Forbid the use of invalidated physical slots in streaming replication.
Hi,
When testing streaming replication with a physical slot. I found an unexpected
behavior that the walsender could use an invalidated physical slot for
streaming.
This occurs when the primary slot is invalidated due to reaching the
max_slot_wal_keep_size before initializing the streaming replication
(e.g. before creating the standby). Attach a draft script(test_invalidated_slot.sh)
which can reproduce this.
Once the slot is invalidated, it can no longer protect the WALs and
Rows, as these invalidated slots are not considered in functions like
ReplicationSlotsComputeRequiredXmin().
Besides, the walsender could advance the restart_lsn of an invalidated slot,
then user won't be able to know that if the slot is actually validated or not,
because the 'conflicting' of view pg_replication_slot could be set back to
null.
So, I think it's a bug and one idea to fix is to check the validity of the physical slot in
StartReplication() after acquiring the slot like what the attachment does,
what do you think ?
Best Regards,
Hou Zhijie
Attachments:
0001-Forbid-the-use-of-invalidated-slot-in-streaming-repl.patchapplication/octet-stream; name=0001-Forbid-the-use-of-invalidated-slot-in-streaming-repl.patchDownload
From 6db46eed2c2d99beb1defc4470c598cfe796cb3a Mon Sep 17 00:00:00 2001
From: Hou Zhijie <houzj.fnst@cn.fujitsu.com>
Date: Wed, 6 Dec 2023 11:38:00 +0800
Subject: [PATCH] Forbid the use of invalidated slot in streaming replication
---
src/backend/replication/walsender.c | 9 +++++++++
src/test/recovery/t/019_replslot_limit.pl | 2 +-
2 files changed, 10 insertions(+), 1 deletion(-)

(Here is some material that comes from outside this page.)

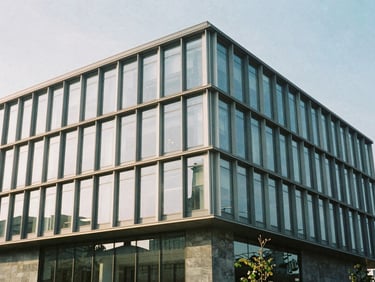 Exterior facade of a modern steel and glass commercial building under crisp morning daylight, sharp focus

diff --git a/src/backend/replication/walsender.c b/src/backend/replication/walsender.c
index 3bc9c82389..53073dddaa 100644
--- a/src/backend/replication/walsender.c
+++ b/src/backend/replication/walsender.c
@@ -703,6 +703,15 @@ StartReplication(StartReplicationCmd *cmd)

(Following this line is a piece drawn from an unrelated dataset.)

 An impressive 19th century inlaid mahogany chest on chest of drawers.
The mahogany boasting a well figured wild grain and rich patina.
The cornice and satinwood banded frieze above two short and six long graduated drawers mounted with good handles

(errcode(ERRCODE_OBJECT_NOT_IN_PREREQUISITE_STATE),
errmsg("cannot use a logical replication slot for physical replication")));
+ if (MyReplicationSlot->data.invalidated == RS_INVAL_WAL_REMOVED)
+ ereport(ERROR,
+ (errcode(ERRCODE_OBJECT_NOT_IN_PREREQUISITE_STATE),
+ errmsg("cannot use replication slot \"%s\" for physical replication",
+ NameStr(MyReplicationSlot->data.name)),
+ errdetail("This slot has been invalidated because it exceeded the maximum reserved size.")));
+
+ Assert(MyReplicationSlot->data.invalidated == RS_INVAL_NONE);
+
/*
* We don't need to verify the slot's restart_lsn here; instead we
* rely on the caller requesting the starting point to use. If the
diff --git a/src/test/recovery/t/019_replslot_limit.pl b/src/test/recovery/t/019_replslot_limit.pl
index 7d94f15778..7c350e86f7 100644
--- a/src/test/recovery/t/019_replslot_limit.pl
+++ b/src/test/recovery/t/019_replslot_limit.pl
@@ -236,7 +236,7 @@ my $failed = 0;
for (my $i = 0; $i < 10 * $PostgreSQL::Test::Utils::timeout_default; $i++)
{
if ($node_standby->log_contains(
- "requested WAL segment [0-9A-F]+ has already been removed",
+ "cannot use replication slot \"rep1\" for physical replication",
$logstart))
{
$failed = 1;
--
2.31.1
On Wed, Dec 6, 2023 at 6:25 PM Zhijie Hou (Fujitsu)
<houzj.fnst@fujitsu.com> wrote:
Hi,
When testing streaming replication with a physical slot. I found an unexpected
behavior that the walsender could use an invalidated physical slot for
streaming.This occurs when the primary slot is invalidated due to reaching the
max_slot_wal_keep_size before initializing the streaming replication
(e.g. before creating the standby). Attach a draft script(test_invalidated_slot.sh)
which can reproduce this.
Interesting. Thanks for the script. It reproduces the problem for me easily.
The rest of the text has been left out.